• **ABOUT THIS TASK**
Using the data below, return word for word every line from the one holding "Ban tổ chức" down to the one holding "Used 2024 Chevrolet Suburban LT image 15". Leave pictures out.

• **SUPPLIED RECORDS**
*** Begin section ***
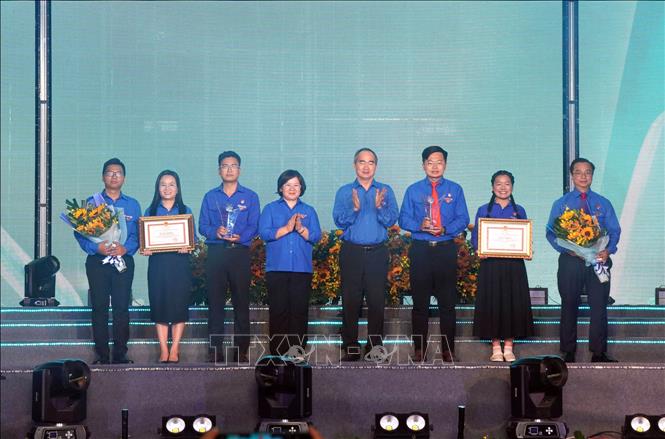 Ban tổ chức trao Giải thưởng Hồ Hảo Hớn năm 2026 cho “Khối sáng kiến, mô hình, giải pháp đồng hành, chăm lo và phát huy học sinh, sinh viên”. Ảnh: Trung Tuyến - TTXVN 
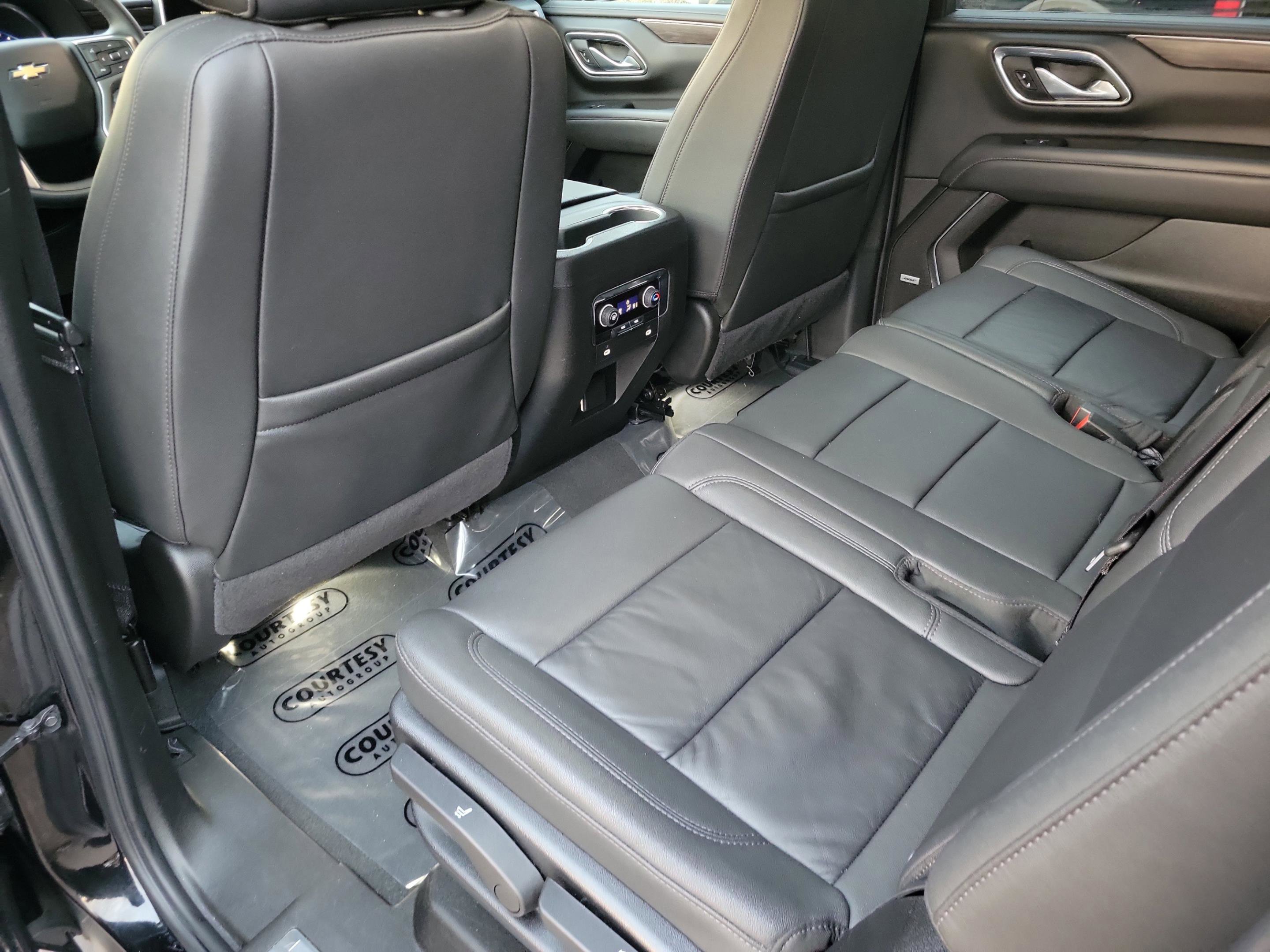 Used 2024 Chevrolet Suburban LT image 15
*** End section ***
*** Begin section ***
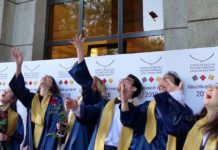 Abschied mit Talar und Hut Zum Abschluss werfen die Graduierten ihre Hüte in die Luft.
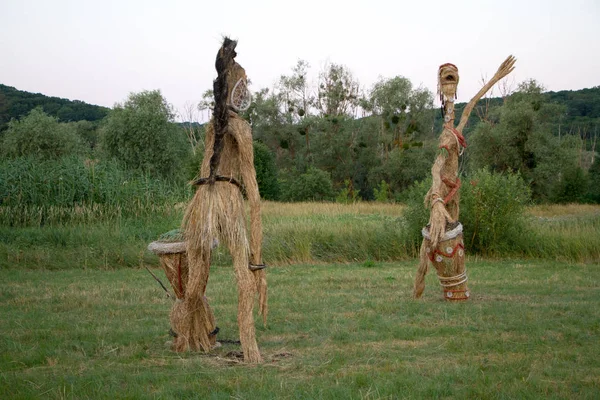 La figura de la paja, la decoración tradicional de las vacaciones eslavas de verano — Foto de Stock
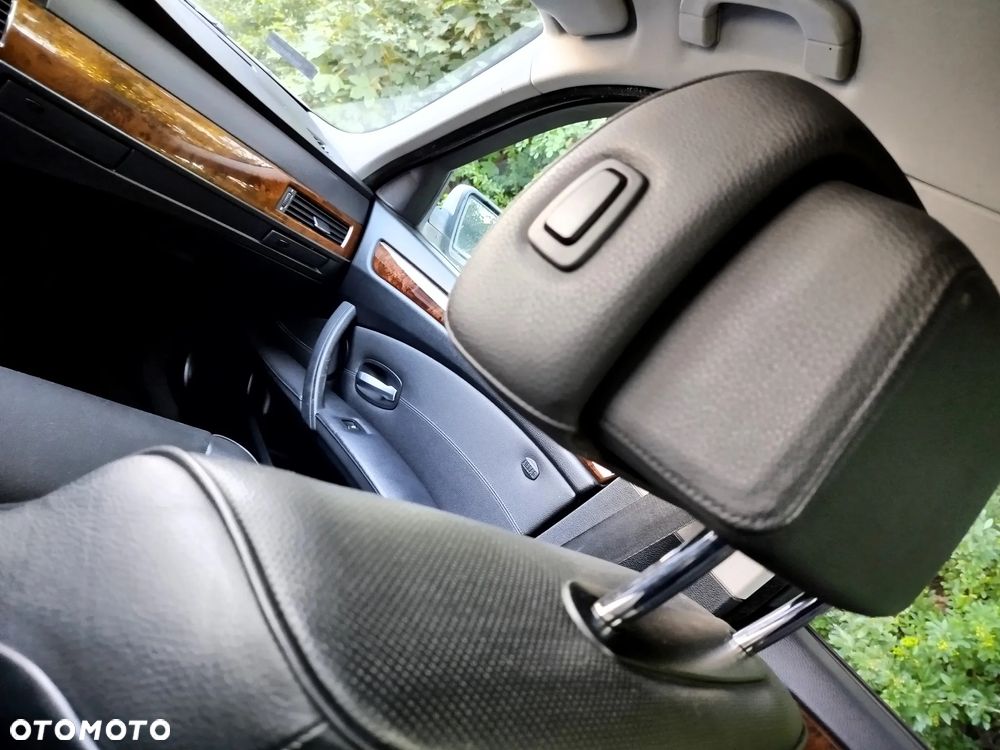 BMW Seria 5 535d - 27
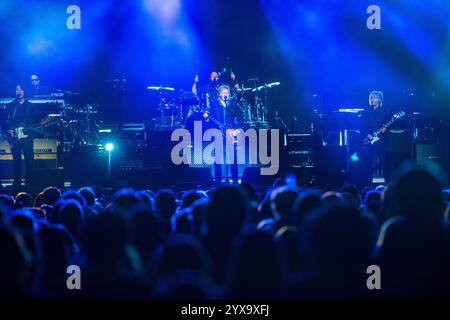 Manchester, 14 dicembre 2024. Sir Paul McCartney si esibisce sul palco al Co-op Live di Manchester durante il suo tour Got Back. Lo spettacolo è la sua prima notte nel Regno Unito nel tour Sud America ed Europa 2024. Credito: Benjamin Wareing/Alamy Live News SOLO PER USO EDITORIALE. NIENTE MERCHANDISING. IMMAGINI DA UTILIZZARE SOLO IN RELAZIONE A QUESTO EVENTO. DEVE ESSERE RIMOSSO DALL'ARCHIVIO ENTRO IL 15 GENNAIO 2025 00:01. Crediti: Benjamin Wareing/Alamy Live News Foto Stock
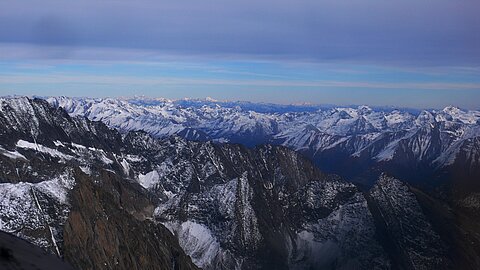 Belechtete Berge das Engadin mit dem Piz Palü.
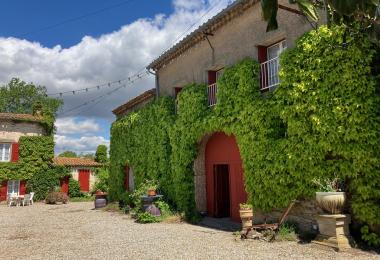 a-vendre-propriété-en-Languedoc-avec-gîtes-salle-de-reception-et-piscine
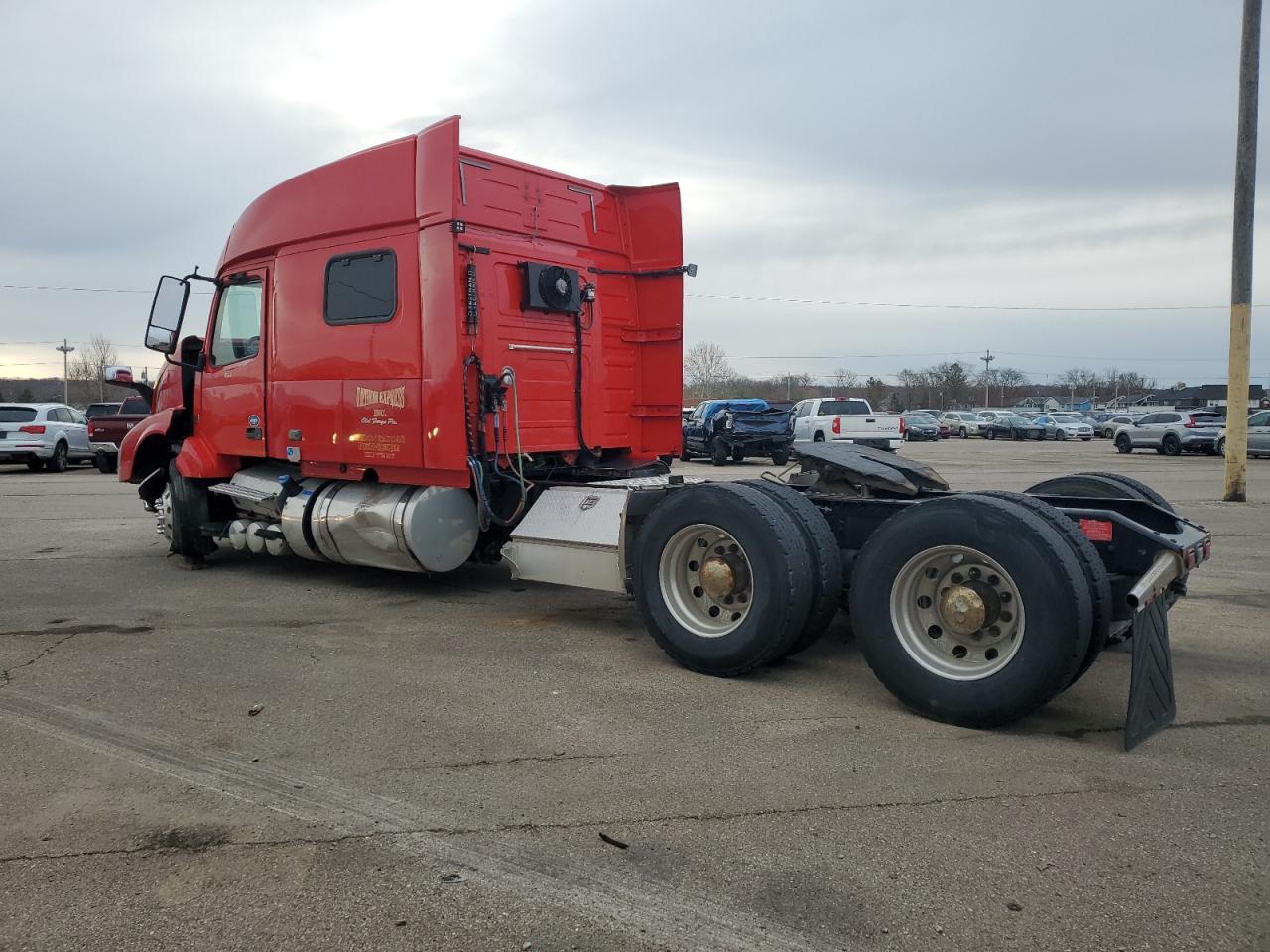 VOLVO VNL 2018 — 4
*** End section ***
• **SOLUTION FOR THIS PROBLEM**
 Ban tổ chức trao Giải thưởng Hồ Hảo Hớn năm 2026 cho “Khối sáng kiến, mô hình, giải pháp đồng hành, chăm lo và phát huy học sinh, sinh viên”. Ảnh: Trung Tuyến - TTXVN 
 Used 2024 Chevrolet Suburban LT image 15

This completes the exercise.